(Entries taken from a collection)
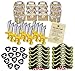 Well Pack Box Pirate Birthday Party Supplies Bundle with Coins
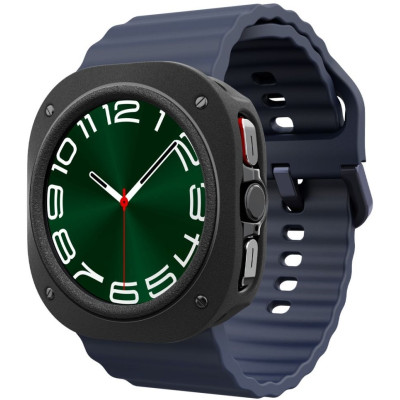 Ανθεκτική Θήκη Σιλικόνης - Samsung Galaxy Watch Ultra 2025 / 2024 47mm - Caseology Vault - Matte Black (ACS08430)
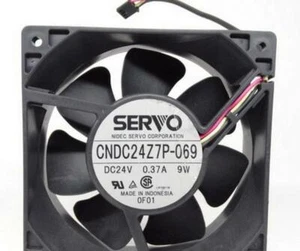1 pcs SERVO 12CM 12038 CNDC24Z7P-069 24V 0.37A 9W inverter cooling fan - Afbeelding 1 van 1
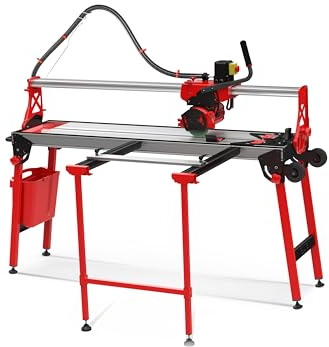 Scie circulaire plongeante DL-125 1200 – Coupe carrelage, céramique et grès – Rail guidage, laser, 1800W, zéro poussière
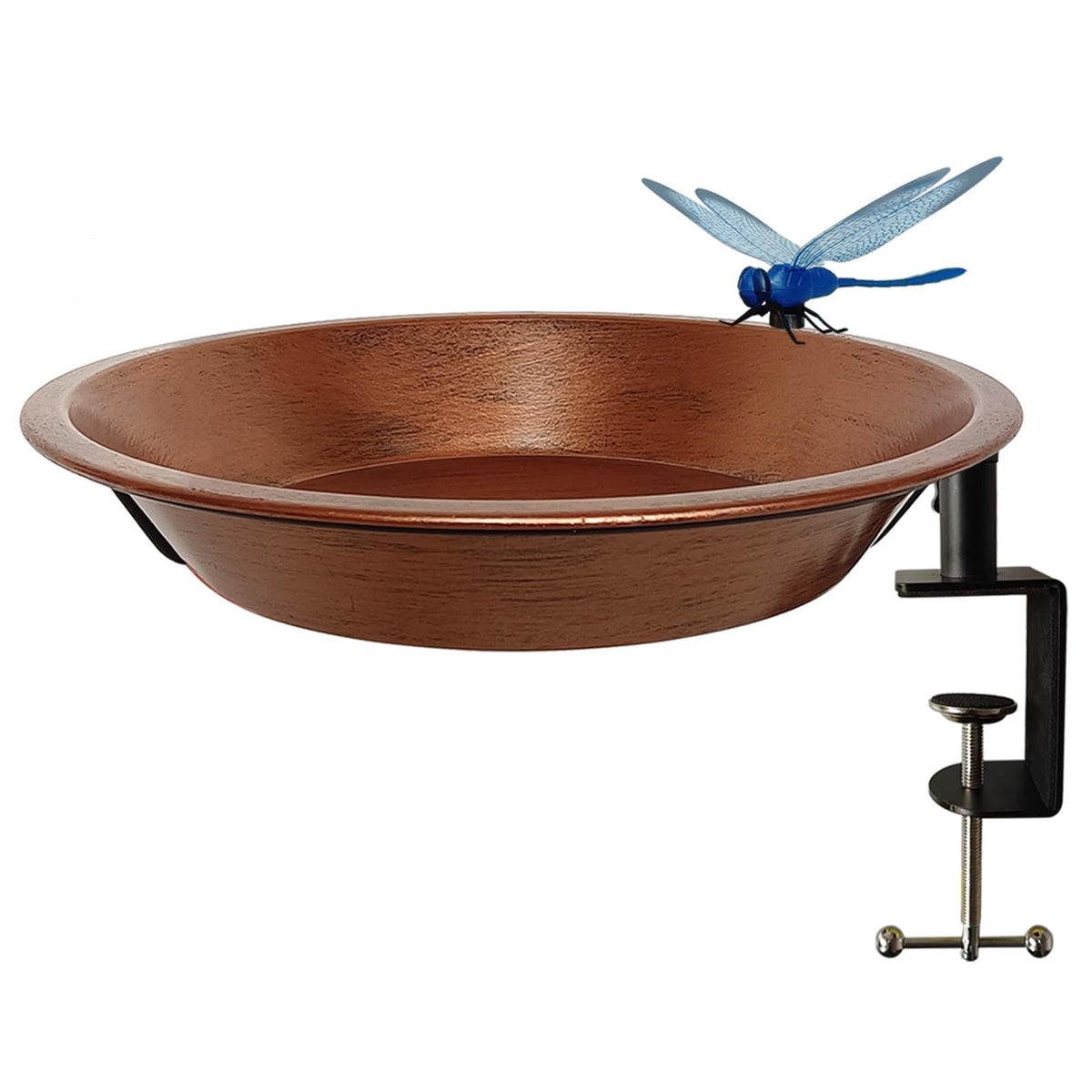 Keygift deck mounted bird bath with 11.5-inch bowl for outdoor gardens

▸ Work item: Set down exactly the lines between the line containing "1 pcs SERVO" and the end of the records above, both ends included; pictures stay out.

▸ Expected output:
1 pcs SERVO 12CM 12038 CNDC24Z7P-069 24V 0.37A 9W inverter cooling fan - Afbeelding 1 van 1
 Scie circulaire plongeante DL-125 1200 – Coupe carrelage, céramique et grès – Rail guidage, laser, 1800W, zéro poussière
 Keygift deck mounted bird bath with 11.5-inch bowl for outdoor gardens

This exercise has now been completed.